▸ **DATA RECORDS**:
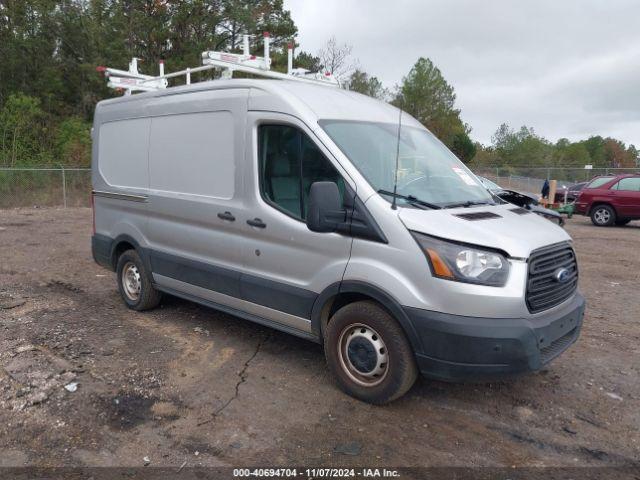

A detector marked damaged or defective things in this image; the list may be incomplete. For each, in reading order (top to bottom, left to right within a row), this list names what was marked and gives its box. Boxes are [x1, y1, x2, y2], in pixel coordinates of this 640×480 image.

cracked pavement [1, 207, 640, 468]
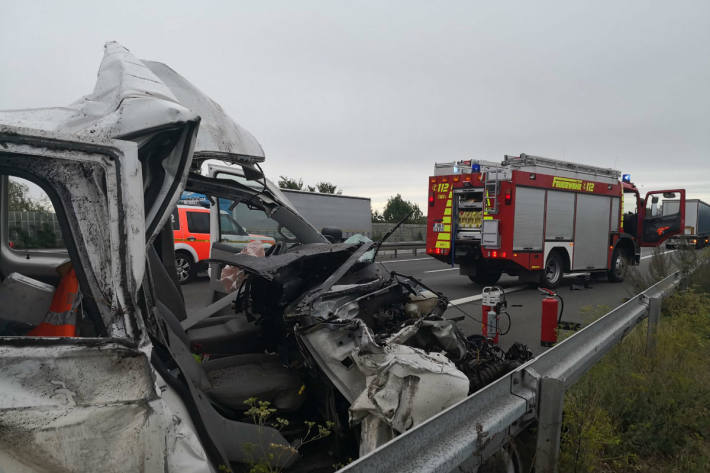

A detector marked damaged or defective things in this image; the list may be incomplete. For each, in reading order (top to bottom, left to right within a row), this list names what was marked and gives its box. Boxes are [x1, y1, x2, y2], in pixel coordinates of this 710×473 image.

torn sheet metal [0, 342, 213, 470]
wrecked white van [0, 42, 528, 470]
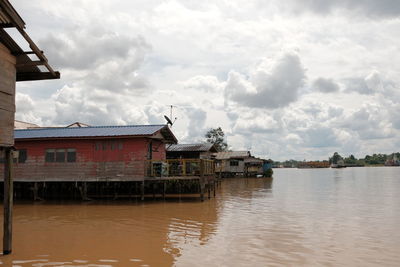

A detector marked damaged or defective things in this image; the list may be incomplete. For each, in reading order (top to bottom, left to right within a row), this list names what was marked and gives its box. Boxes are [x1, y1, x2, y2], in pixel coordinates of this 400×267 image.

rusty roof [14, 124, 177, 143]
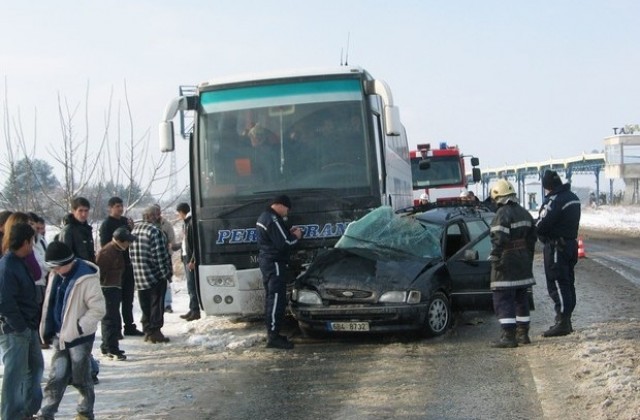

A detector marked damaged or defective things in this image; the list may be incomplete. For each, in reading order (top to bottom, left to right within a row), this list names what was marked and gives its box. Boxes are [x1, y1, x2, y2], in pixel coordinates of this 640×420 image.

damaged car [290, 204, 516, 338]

▸ **INSTRUCTIONS TO FOLLOW**:
All lines from the one that holds "this 640×420 image." through the end of the material, both ends included, should be restated exactly.

▸ **OUTPUT BELOW**:
A detector marked damaged or defective things in this image; the list may be incomplete. For each, in reading order (top to bottom, left to right within a row), this list names what was marked and gives its box. Boxes are [x1, y1, x2, y2], in pixel coordinates of this 640×420 image.

damaged car [290, 204, 516, 338]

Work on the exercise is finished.